__Dataset content__.
┄┄┄┄┄┄

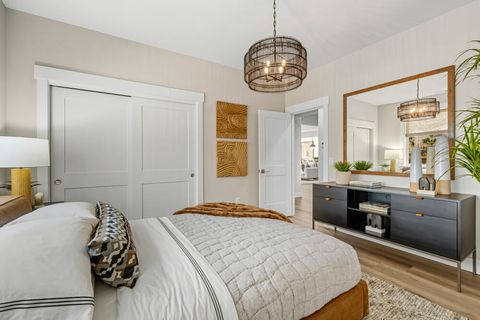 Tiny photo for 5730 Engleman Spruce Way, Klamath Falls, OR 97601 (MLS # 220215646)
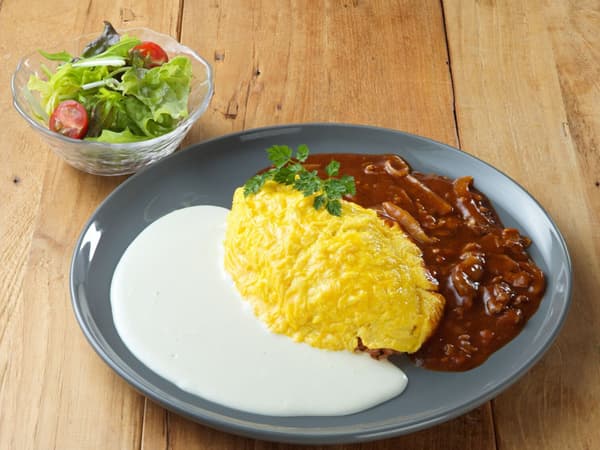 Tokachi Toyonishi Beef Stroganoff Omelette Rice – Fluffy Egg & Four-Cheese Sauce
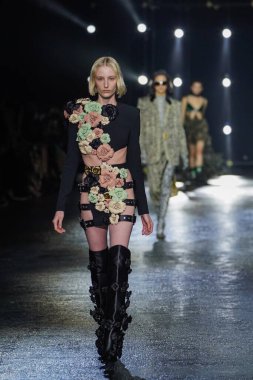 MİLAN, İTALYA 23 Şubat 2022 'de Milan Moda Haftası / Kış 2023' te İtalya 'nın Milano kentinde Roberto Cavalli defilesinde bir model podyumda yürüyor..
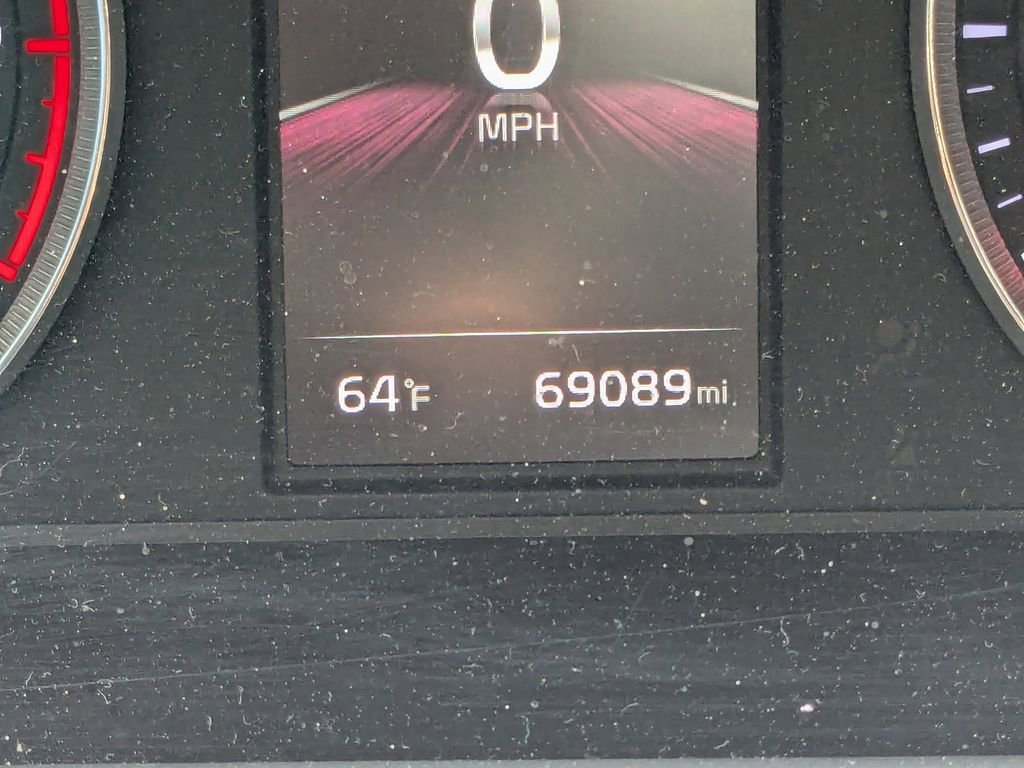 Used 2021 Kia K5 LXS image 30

┄┄┄┄┄┄

Output the listing exactly, without images.

__Written response__.
 Tiny photo for 5730 Engleman Spruce Way, Klamath Falls, OR 97601 (MLS # 220215646)
 Tokachi Toyonishi Beef Stroganoff Omelette Rice – Fluffy Egg & Four-Cheese Sauce
 MİLAN, İTALYA 23 Şubat 2022 'de Milan Moda Haftası / Kış 2023' te İtalya 'nın Milano kentinde Roberto Cavalli defilesinde bir model podyumda yürüyor..
 Used 2021 Kia K5 LXS image 30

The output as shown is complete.